Emergency conditions. 'Those circumstances that would cause a reasonable person to believe that entry (or other relevant prompt action) was necessary to prevent physical harm to the officers or other persons, the destruction of relevant evidence, the escape of a suspect, or some other consequence improperly frustrating legitimate law enforcement efforts.' United States v. McConney, 728 F.2d 1195, 1199 (9th Cir.), cert. denied, 469 U.S. 824 (1984).
Exigent circumstances may excuse failure to make an announcement or to wait for the occupant to refuse entry. United States v. Mendonsa, 989 F. 2d 366, 370 (9th Cir. 1993). The existence of exigent circumstances is a mixed question of fact and law reviewed de novo.

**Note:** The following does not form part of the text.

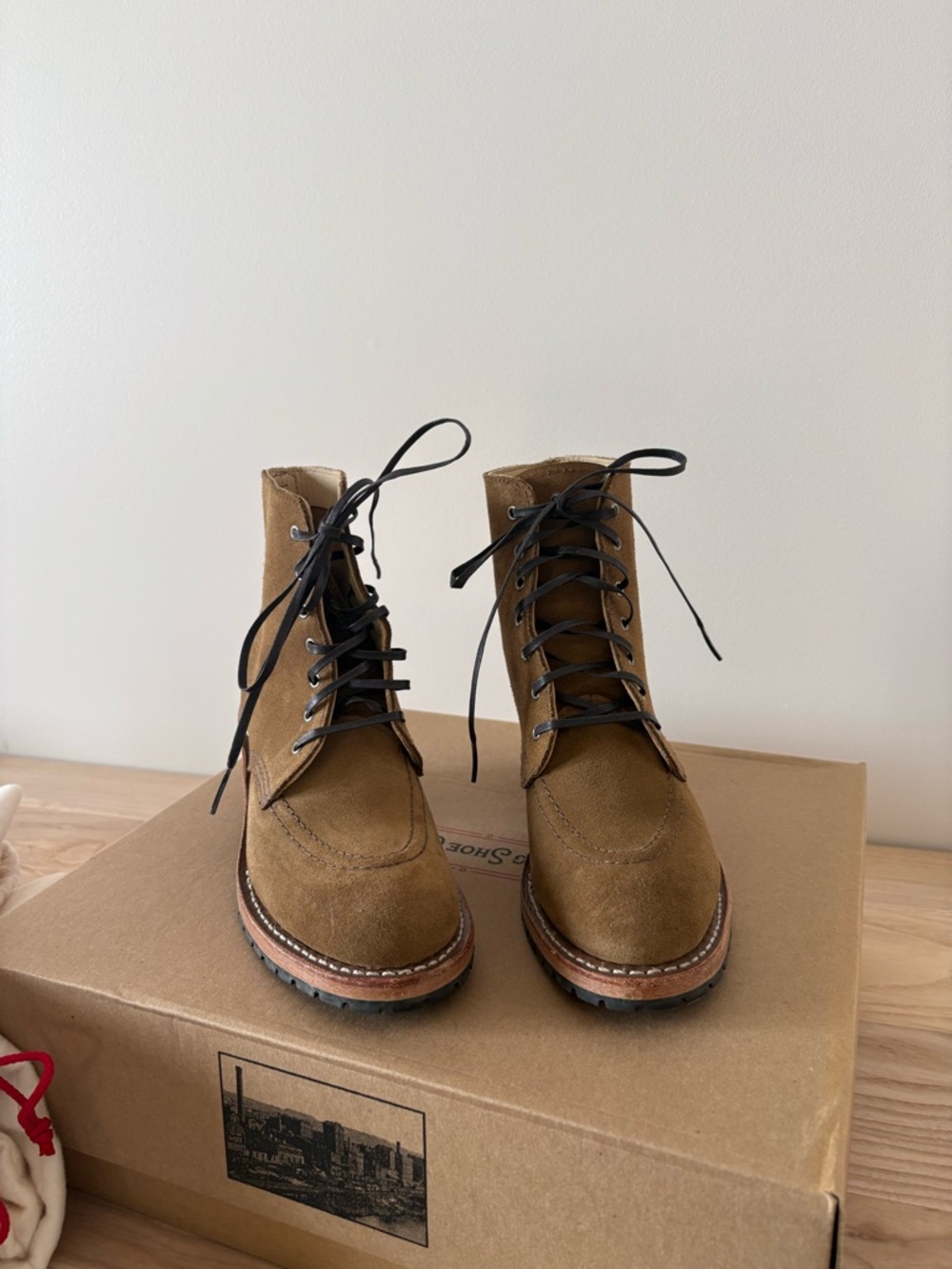 Women’s Red Wing Shoes Suede Lace-Up Ankle Boots in Olive Brown (2nd) - Picture 3 of 4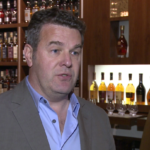 Rozcieńczanie whisky wodą źródlaną wydobywa bogactwo smaków szkockiego trunku i łagodzi jego ostry smak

Id.
A search is reasonable, and a search warrant is not required, if all of the circumstances known to the officer at the time, would cause a reasonable person to believe that entry or search was necessary to prevent physical harm to the officer or other persons/the destruction or concealment of evidence/the escape of a suspect, and if there was insufficient time to get a search warrant.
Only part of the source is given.